九州大 岡﨑晴輝教授の「女子枠」投稿が炎上したのは「女子枠」を擁護したからではない

大学入試で拡大する「女子枠」をめぐり、九州大学大学院法学研究院の岡﨑晴輝教授のXへの投稿が議論を呼んでいる。

岡﨑教授は「『女子枠はおかしい』と憤っている男子高校生・浪人生が少なくないようです」としたうえで、「そうした憤りを抱くのであれば、他の差別にも目を向けてください」と投稿。人種差別や女性差別、学歴差別などを挙げ、「広い視野を獲得してください」と呼びかけた。

九州大学HPより

「他の差別を見るべき」は答えになっているのか

Xでは「女子枠が公平なのかという問いへの答えになっていない」「話題をそらしている」といった批判が相次いだ。

女性からも「公平に戦えない前提にされることが迷惑だ」といった反対意見が出ている。女子枠によって、「女性は同じ条件では男性に勝てない」という印象をかえって強めるのではないかという懸念だ。

重要なのは、岡﨑教授が単に「女子枠」を擁護したから炎上したわけではないという点だ。女子枠への違和感を、受験生の視野の狭さの問題として処理しようとしたように受け取られたことが、大きな反発につながったと思われるのだ。

急拡大する大学の「女子枠」

女子枠は、女性比率の低い理工系学部で女性学生を増やすため、女性だけが応募できる募集枠を設ける制度だ。

2026年度入試では国公立大学38校が理工系女子を対象とする選抜を実施するなど、制度は急速に広がっている。国立大学の女子枠募集人員も736人に達している。

支持する側は、理工系の極端な男女比を是正し、多様な人材を確保するには一定の措置が必要だと主張している。

多様性と個人の公平は別問題

しかし、大学全体として女性を増やすことと、個々の受験生を性別によって異なる条件で選抜することは別の問題だ。

社会全体の男女格差に責任のない男子受験生からすれば、自分が応募できない枠が性別を理由に設けられれば「逆差別」と感じるのも不思議ではない。

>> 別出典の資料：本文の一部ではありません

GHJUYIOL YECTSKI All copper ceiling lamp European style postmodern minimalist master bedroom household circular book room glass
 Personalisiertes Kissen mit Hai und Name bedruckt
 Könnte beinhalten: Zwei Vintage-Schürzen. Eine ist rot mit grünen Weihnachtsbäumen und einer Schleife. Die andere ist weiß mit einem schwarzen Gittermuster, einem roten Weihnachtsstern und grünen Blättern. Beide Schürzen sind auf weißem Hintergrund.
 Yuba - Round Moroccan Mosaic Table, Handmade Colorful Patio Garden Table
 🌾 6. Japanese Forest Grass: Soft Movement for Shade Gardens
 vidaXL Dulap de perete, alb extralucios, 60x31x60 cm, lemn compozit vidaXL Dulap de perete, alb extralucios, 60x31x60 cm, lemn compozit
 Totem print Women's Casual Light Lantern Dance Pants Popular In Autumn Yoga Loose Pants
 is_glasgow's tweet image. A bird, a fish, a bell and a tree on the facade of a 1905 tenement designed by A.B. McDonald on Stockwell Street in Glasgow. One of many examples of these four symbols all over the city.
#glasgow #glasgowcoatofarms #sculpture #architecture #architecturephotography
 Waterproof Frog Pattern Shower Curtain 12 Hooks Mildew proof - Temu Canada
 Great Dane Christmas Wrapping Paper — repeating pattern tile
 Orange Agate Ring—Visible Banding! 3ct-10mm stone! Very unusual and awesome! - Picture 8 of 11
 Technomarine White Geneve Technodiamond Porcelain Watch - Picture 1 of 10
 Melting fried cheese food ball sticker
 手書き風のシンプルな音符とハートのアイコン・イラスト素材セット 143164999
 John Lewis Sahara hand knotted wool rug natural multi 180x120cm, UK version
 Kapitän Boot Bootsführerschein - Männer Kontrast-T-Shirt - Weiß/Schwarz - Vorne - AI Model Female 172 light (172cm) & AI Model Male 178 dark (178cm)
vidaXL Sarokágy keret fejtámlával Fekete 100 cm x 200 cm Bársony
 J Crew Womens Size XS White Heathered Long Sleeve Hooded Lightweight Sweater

また女子枠が広がれば、一般入試で合格した女性まで「女子枠ではないか」と見られる可能性もある。女性を支援する制度が、逆に女性の能力への偏見を生み出すという矛盾も抱える。

「広い視野」を求める前に大学が説明すべきこと

大学が女子枠を導入するのであれば、「女性を増やしたい」という目的だけでなく、なぜ性別を条件とした選抜が必要なのかを受験生が納得する形で説明する必要がある。

女子枠によって教育や研究にどのような効果が生まれるのか、一般枠を減らしてまで続ける合理性があるのかも検証し周知する必要があるだろう。

多様性は重要だが、それによって個人単位の公平性の問題をうやむやにしてはならない。

今回の騒動が突きつけたのは、「女子枠」への賛否だけではない。集団としての男女比を改善するために、個人としての公平な競争をどこまで歪めてよいのか。岡﨑教授をはじめとする大学側には、反対する受験生に「広い視野」を求める前に、この問いに正面から答えることが求められる。